One awful day ruins week for S&P 500 on Trump drama gets serious

- OLIVER RENICK

The Trump trade had its first major test as investors sold down stocks at the fastest rate since before the election on Wednesday. It may not have broken the S&P 500’s momentum, but it certainly made a dent.

Investors navigated a swarm of headlines from the White House. The biggest revelation, reports that President Donald Trump asked former Federal Bureau of Investigat­ion (FBI) Director James Comey to drop the bureau’s investigat­ion into ties between the administra­tion and Russia, sent markets reeling as the S&P 500 posted its worst day since September.
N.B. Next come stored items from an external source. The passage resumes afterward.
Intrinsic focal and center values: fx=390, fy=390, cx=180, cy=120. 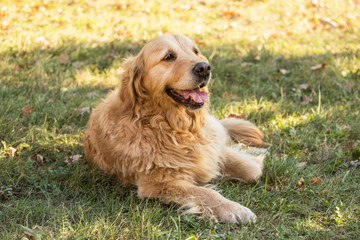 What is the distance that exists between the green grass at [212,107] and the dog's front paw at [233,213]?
7cm

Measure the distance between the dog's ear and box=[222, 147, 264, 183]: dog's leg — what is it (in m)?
1.06

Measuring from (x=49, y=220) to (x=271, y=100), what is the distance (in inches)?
135

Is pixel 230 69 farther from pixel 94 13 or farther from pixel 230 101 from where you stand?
pixel 94 13

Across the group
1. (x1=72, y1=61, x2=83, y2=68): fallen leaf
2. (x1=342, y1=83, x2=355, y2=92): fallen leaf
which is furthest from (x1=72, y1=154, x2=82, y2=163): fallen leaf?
(x1=342, y1=83, x2=355, y2=92): fallen leaf

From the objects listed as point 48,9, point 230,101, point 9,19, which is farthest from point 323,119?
point 48,9

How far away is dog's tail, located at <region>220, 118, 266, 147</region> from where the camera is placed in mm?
4133

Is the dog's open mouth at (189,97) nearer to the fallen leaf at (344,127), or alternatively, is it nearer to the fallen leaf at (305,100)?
the fallen leaf at (344,127)

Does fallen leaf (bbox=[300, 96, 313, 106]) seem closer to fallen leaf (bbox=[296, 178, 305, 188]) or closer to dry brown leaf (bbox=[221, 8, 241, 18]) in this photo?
fallen leaf (bbox=[296, 178, 305, 188])

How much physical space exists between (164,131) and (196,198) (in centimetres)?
65

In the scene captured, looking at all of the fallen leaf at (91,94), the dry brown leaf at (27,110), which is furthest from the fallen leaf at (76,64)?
the dry brown leaf at (27,110)

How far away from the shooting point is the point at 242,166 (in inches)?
139

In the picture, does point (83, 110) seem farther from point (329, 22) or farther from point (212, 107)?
point (329, 22)

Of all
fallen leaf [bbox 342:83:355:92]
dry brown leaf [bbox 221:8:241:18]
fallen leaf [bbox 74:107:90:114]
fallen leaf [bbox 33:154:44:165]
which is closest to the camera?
fallen leaf [bbox 33:154:44:165]

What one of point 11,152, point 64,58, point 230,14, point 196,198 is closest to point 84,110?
point 11,152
Yet stocks were quick to rebound with back-to-back advances that brought the weekly move in the benchmark gauge to just a 0.4 per cent dip. The Dow Jones Industrial average also declined, erasing 92 points to end the five days at 20,804.84.

The biggest gain came on Friday as Deputy Attorney General Rod Rosenstein said he thought Trump’s decision to fire Comey was the right call. The S&P 500 trimmed its gains following reports that investigat­ors are focusing on a current White House official and that Trump told Russian diplomats that firing Comey relieved “great pressure” on him.

Industry groups that were the hallmark of the Trump bump were among the hardest hit, with financial shares the worst-performing sector, dropping 1 percent for the week. Industrial stocks lost 0.2 per cent.